Ask HN: Is black-hat hacking harder now than it was 20 years ago? - andreim

As a kid I was fascinated with stories of people hacking into high security places like the pentagon. But I recently realized that, while this was surely no walk in the park even 20 years ago, it must have been easier then that it is now. Things like ssh or vpn weren't around back then, and even though I'm sure they had equivalents, they were probably proprietary and thus not as secure as today's time-tested open source solutions. What do you think?
======
roundsquare
Interesting question. I'll add one more to it if you don't mind. Even if
getting into the pentagon might be harder, do you think there is more data
that is a) easy to get via hacking and b) useful? If so, this is an important
way in which hacking is easier than it was before.

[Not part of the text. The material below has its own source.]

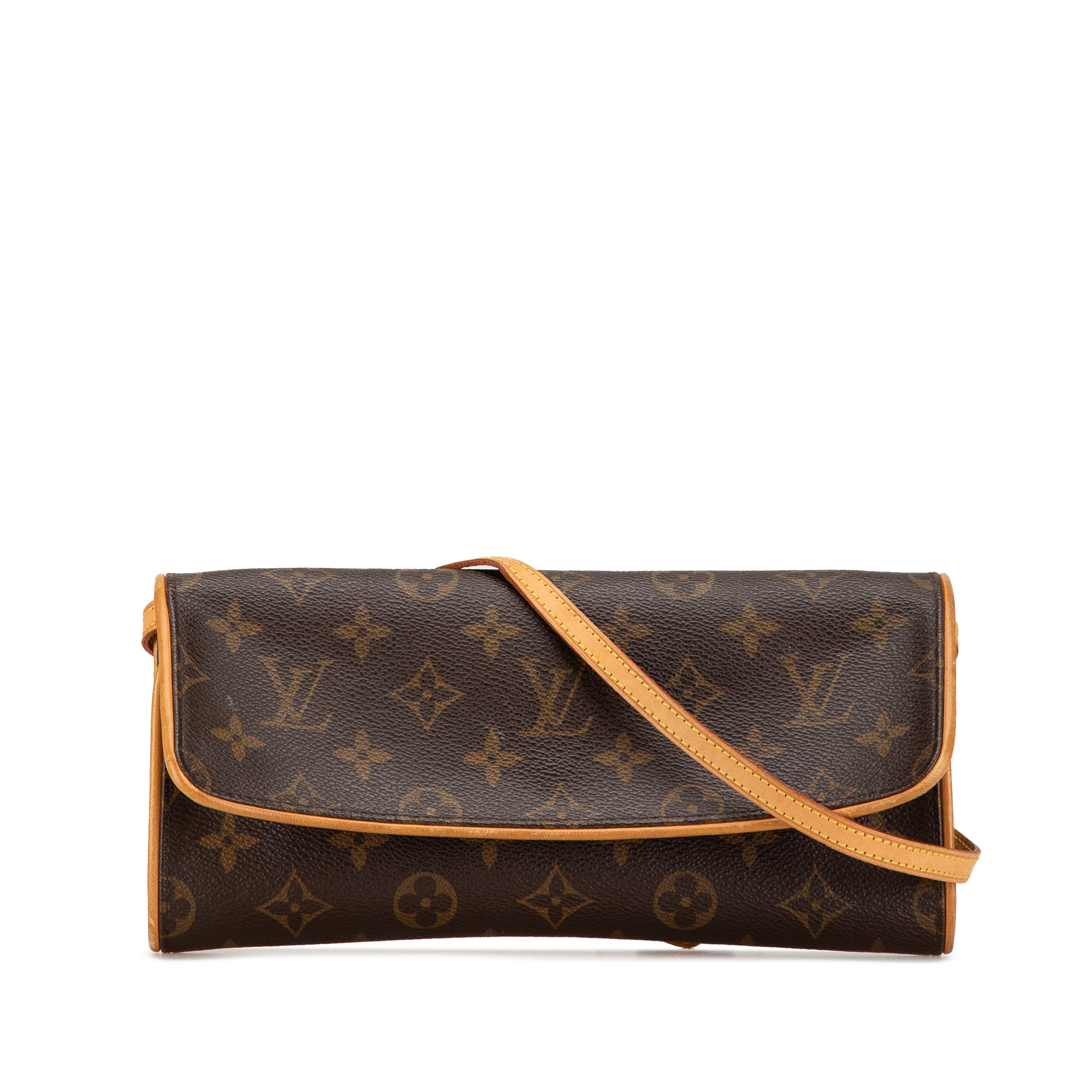 Monogram Pochette Twin GM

I might think there is more data like this since more people put more data on
computers with less knowledge about how to protect it.

------
mock
I'd say no it isn't in the aggregate harder. There are a few of forces at play
that I think lead to this.

First of all you can now buy pretty good hacking tools in a can (CANVAS, Core
Impact) that come complete with non public exploits. If you don't have the
money, metasploit is pretty good as well. This drastically reduces the need to
know the details of a particular exploit, and reduces the amount of
toolsmithing required to pull off a penetration. Also, the reality is that
exploits are now a business - they're for sale, for better or for worse, on
the open market. If there's one thing our PWN2OWN competition at cansecwest
proved, it's that for a sufficient amount of money someone will find you a
hole in anything. If you have money, even if you're not that knowledgeable,
being a blackhat isn't that hard.

Second, there is more stuff to exploit now than there has ever been before,
both on and off the net (I'm looking at you SCADA). At least some of that
stuff will be low hanging fruit built by programmers who either did not
understand how to build secure systems, or didn't expect that those systems
would be reachable in the way they are now. As the internet expands, and stuff
keeps getting more smarts added to it, I think there is probably a trend in
which new insecure stuff is being built faster than the old stuff is being
secured (not that I can prove that). Things that previously weren't considered
to be security critical, now are (XSS is still barely considered a "real"
exploit).

Third, information about exploits, how to write exploits, and how to find
vulnerabilities is now massively more available, both because of the change in
philosophy around full disclosure, and because we now have more than a decade
(two maybe?) of open research into the field. Bugtraq can be argued to have
revolutionized security research because it opened up what was previously
secret to the eyes of interested amateurs and academics. Today there is a
community of security researchers who openly publish information that
previously was only the domain of governments and the occasional large defence
contractor. I think probably the public community is better at it too.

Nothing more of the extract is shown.